Here are some of the newest additions to our braille catalog! To learn more about our other braille services click here. For a complete listing of our braille materials, provided at no cost to our clients, check out our catalog by clicking here.

Braille and print book

Mychal Judge: Take Me Where You Want Me to Go by Francis DeBernardo (B1910, 2 volumes): The world came to know the Franciscan priest Mychal Judge through the bravery and self-sacrifice he displayed during the World Trade Center attacks of September 11, 2001. But long before his lifeless body was carried out of the rubble (a moment captured in a photograph that became immediately famous), and before he was officially designated “Victim 0001” of that day’s attacks, Fr. Judge was, to a great many people, a beloved priest known for his compassion and faith.
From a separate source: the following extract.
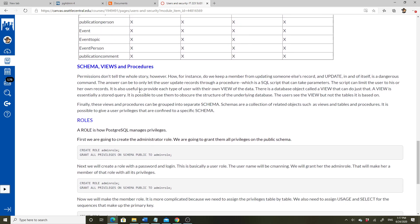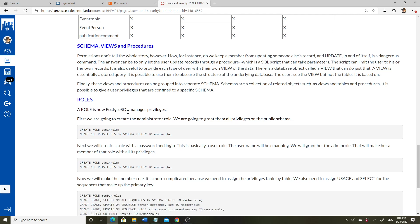Permissions don't tell the whole story. For example, how do you keep a member from updating somebody else's record? The answer is through a stored procedure — an SQL script that takes parameters and is granted via the EXECUTE privilege. The script can limit the user to their own records. It's also useful to provide each user their own view of data using a database VIEW object, which is essentially a stored query. Views and functions can be grouped in separate schemas — a collection of related objects like tables, views, and procedures — and privileges can be confined to a specific schema.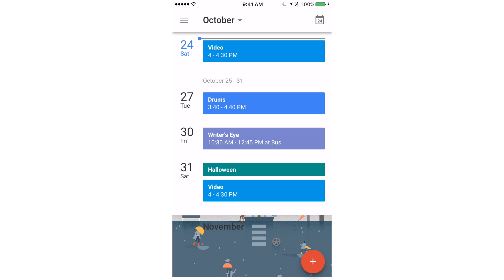Hey guys, David here from Drummer Tech and today I'm going to be showing off Google Calendar, which is a calendar app made by Google for the iPhone, which includes lots of great features to stay organized. Let's get right into it.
In Mychal Judge, Francis DeBernardo offers a spiritual biography that will move and fascinate readers. It details the personal history and experiences—including his Irish-American upbringing, his struggles with alcoholism, his care for the marginalized, and his ministry to firefighters—that formed the man who ultimately died running into the North Tower to try to save and minister to the terrified and the dying. Whether meeting him in these pages for the first time or getting to know him better, readers will encounter in Fr. Judge a figure they will not soon forget.

 

Print book with 2 braille volumes

Mary Lou Williams: Music for the Soul by Deanna Witkowski (B1911, 2 volumes): In Mary Lou Williams: Music for the Soul, Deanna Witkowski brings a fresh perspective to the life and music of the legendary jazz pianist-composer Mary Lou Williams (1910-81). As a fellow jazz pianist-composer, adult convert to Catholicism, and liturgical composer, Witkowski offers unique insight gleaned from a twenty-year journey with Williams as her chosen musical and spiritual mentor. Viewing Williams’s musical and corporal acts of mercy as part of a singular effort to create community no matter the context, Witkowski examines how Williams created networks of support and friendship through her decades long letter correspondence with various women religious, her charitable work, and her tireless efforts to perform jazz in churches, community centers, concert halls, and schools. Throughout this fascinating story told with equal amounts of deep love and scholarly research, Witkowski illumines Williams’s passionate mantra that “jazz is healing to the soul.”

Late Have I Loved You pictured in braille and print

Late Have I Loved You: An Interpretation of Saint Augustine on Human and Divine Relationships by James A. Mohler, SJ (B1912, 3 volumes): Augustine has rightly been called the greatest of the Western Fathers, and, in a sense, the founder of Western Christian theology. His broad background in education and rhetoric both as a student and teacher and his deep interest in philosophy gave him a good foundation for his future career as pastor, bishop and defender of the faith. These themes discuss some of Augustine's views on human and divine relationships, from the problem of suffering, faith and love, matrimony and religious life to education and social justice.